The Hong Kong Trade Development Council (HKTDC) estimates that Hong Kong exports in 2012 will grow by only one per cent in value, while dropping by three per cent in volume as growth slows in Europe and the United States.


HKTDC Chief Economist Edward Leung today presented his export forecast in a press conference, noting that the HKTDC Export Index dropped to 40.6 in the fourth quarter, reflecting the prevailing pessimism in the city’s export sector. The HKTDC Export Index is designed to monitor the export performance of Hong Kong traders and gauge their near-term prospects. A reading below 50 indicates a pessimistic sentiment during the quarter and signals contraction in Hong Kong exports over the short term.

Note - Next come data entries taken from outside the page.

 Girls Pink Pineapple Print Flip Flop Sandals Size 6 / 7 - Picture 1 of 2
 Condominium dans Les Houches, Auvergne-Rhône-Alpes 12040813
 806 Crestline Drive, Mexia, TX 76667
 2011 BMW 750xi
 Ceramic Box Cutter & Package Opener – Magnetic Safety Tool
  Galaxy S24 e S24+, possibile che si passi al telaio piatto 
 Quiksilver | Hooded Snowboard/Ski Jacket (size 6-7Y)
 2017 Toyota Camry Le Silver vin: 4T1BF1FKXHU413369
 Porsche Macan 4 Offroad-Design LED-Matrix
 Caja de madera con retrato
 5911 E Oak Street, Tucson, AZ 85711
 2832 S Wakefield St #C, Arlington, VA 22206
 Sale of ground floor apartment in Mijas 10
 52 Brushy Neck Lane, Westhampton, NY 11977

“This is the second consecutive quarter with a reading below the watershed of 50. The decline in export sentiment is across the board,” Mr Leung said. “While all major industries reported their lowest readings in two years, the sub-index for the Chinese mainland also fell, to 49.5 – below 50 for the first time in two years.”


Consumption Concerns
Looking ahead, Mr Leung warned that import demand in most traditional markets would be subdued. US growth will remain hesitant, and fiscal austerity will be ubiquitous in Europe, even if there is a workable solution to the current crisis. The production environment on the Chinese mainland is also daunting. Hong Kong companies will continue to confront higher wages on the mainland, as well as an appreciating renminbi.


 

“The mainland’s export price index began to rise in May 2010, and the trend is likely to continue. Hong Kong exporters, who mainly manufacture on the mainland or source there, will find it increasingly difficult to remain profitable while maintaining their price competitiveness,” Mr Leung said. “They will be unable to transfer all cost increases to buyers.” Mr Leung estimated that the total volume of exports would drop by three per cent because of weakening demand in overseas markets, with the total value barely edging up one per cent as a result of higher unit values.

 

Silver and Emerging Markets Hold Promise

In view of Hong Kong’s export challenges, Mr Leung recommended that local companies tap the opportunities offered by emerging markets, as well as such niche sectors as pet supplies and products for seniors in traditional markets. Regarding the senior, or silver market, Mr Leung said Japan, the US and most Western European countries are aging fast. But seniors in these countries are more affluent today. They are, he noted, more ready to spend for their own well-being, and on both health and non-health related products. “The silver sector offers a good chance to Hong Kong companies, which excel in product quality and service reliability,” said Mr Leung.

 

In addition, “Asian countries with huge domestic markets, such as India, Indonesia and especially the Chinese mainland, hold particular potential,” said Mr Leung. “These three countries had a combined GDP of $8 trillion in 2010, more than half that of the US economy. They also managed to maintain a fast average economic growth of six per cent to 11 per cent in real terms between 2006 and 2010.” Such commodity-exporting nations as Russia, Brazil and some Middle East countries, which are slated to benefit from sustained commodity prices, also offer opportunity, according to Mr Leung.

Innovate, Upgrade


In light of the lingering cloud hanging over the global economy, Mr Leung called on Hong Kong companies, especially small- and medium sized enterprises, to embrace these new market opportunities. They should be aware that the mainland’s export model has evolved from short production chains to an emphasis on items such as efficient supply chain management, quality assurance and the enhancement of features.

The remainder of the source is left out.